Робер Клари - Завоевание Константинополя
Засим перед этим монастырем св. Софии был толстый столп, толщиной в три обхвата и с добрых 50 туаз в высоту; и сделан он был из мрамора, а потом поверх мрамора покрыт медью, и он был опоясан крепкими железными обручами{338}. Наверху, на конце этого столпа, лежала плоская каменная глыба, которая имела добрых 50 стоп в длину и столько же в ширину. На этом камне на большом медном коне восседал император, отлитый из меди, который протягивал свою руку к языческим странам{339}, и на статуе были начертаны письмена, которые гласили, что он клянется, что никогда сарацины не получат у него мира, а в другой руке он держал золотой шар и на шаре был крест. И греки говорили, что это был император Ираклий{340}, а на крупе коня и на его голове и вокруг нее было 10 гнезд, где каждый год гнездились цапли.
LXXXVIIПотом, в другом месте города, был другой монастырь, который назывался монастырем Семи Апостолов{341}. Сказывали, что он был еще более богат и более красив, чем монастырь св. Софии, и в нем было столько богатств и всяческой красоты, что невозможно и поведать вам о богатстве и великолепии этого монастыря. И в этом монастыре были захоронены тела семи апостолов{342}, а потом там нашли мраморный столп, к которому был привязан наш господь{343} перед тем, как его повели на распятие; а еще сказывали, что здесь были похоронены император Константин и Елена{344} и немало других императоров.
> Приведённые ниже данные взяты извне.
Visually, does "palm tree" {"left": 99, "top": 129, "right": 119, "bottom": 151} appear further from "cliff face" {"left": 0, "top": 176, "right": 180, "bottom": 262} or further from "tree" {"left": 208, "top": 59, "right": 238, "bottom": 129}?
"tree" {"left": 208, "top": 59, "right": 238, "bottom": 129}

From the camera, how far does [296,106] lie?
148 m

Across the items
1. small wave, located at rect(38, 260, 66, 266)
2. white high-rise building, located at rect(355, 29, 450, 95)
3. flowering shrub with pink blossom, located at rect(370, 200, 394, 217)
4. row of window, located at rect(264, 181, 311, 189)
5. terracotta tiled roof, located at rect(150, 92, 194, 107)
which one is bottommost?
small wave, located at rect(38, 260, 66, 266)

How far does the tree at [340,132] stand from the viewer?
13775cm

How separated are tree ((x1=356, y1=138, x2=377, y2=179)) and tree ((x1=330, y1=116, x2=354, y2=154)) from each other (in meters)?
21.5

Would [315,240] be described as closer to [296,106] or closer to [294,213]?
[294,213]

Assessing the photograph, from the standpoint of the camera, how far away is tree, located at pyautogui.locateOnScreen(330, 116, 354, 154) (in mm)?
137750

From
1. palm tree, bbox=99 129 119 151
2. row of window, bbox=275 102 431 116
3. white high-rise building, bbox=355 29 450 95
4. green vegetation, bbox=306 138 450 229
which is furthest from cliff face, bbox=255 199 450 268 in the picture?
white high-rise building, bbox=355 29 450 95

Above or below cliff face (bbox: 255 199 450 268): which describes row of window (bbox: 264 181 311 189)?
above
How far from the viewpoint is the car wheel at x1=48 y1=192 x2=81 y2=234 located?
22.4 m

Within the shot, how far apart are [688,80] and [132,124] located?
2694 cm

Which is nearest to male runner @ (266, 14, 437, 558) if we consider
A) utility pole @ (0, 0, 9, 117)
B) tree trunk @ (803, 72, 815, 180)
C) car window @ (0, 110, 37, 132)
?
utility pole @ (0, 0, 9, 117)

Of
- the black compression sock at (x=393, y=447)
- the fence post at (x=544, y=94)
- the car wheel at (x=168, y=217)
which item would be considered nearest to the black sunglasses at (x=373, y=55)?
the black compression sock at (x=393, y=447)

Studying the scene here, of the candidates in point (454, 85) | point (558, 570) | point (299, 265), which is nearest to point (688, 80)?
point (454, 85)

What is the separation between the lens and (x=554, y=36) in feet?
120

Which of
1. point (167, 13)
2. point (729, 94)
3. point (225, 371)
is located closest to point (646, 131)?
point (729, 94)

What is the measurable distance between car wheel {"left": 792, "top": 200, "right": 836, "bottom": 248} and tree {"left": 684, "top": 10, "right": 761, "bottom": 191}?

LXXXVIIIВ другом месте города имелись ворота{345}, которые назывались Золотой покров. На этих воротах был шар из золота, который был сделан с таким волшебством, что, как говорили греки, с тех пор как там был этот шар, никогда ни один удар грома не попал в город; на шаре этом была отлитая из меди статуя, с накинутой на ней мантией из золота, которую статуя держала на своих руках; и на статуе были начертаны письмена, гласившие, что «все те, — так гласили письмена на статуе, — кто живут в Константинополе один год, смогут иметь золотые одеяния, как у меня».
LXXXIXВ другой части города были другие ворота, которые называют Златыми вратами{346}. На этих воротах были два слона, отлитых из меди, столь огромных, что это было настоящее чудо. Эти ворота никогда не открывались, за исключением только тех случаев, когда император возвращался с войны и когда он завоевывал какую-нибудь землю. И когда он возвращался с войны, завоевав какую-нибудь землю, то духовенство города выходило процессией навстречу императору, а потом отворяли эти ворота и привозили ему колесницу из золота, которая была сделана как повозка на четырех колесах; так что ее и называли колесницей; посредине этой колесницы было высокое сидение, а на этом сидении был трон, вокруг же трона были четыре столпа, которые поддерживали полог, который бросал тень на трон, и казалось, что он весь был сделан из золота. Тогда император, увенчанный короной, садился на этот трон и въезжал через эти ворота, а потом его провозили на этой колеснице с великой радостью и великим торжеством до самого его дворца.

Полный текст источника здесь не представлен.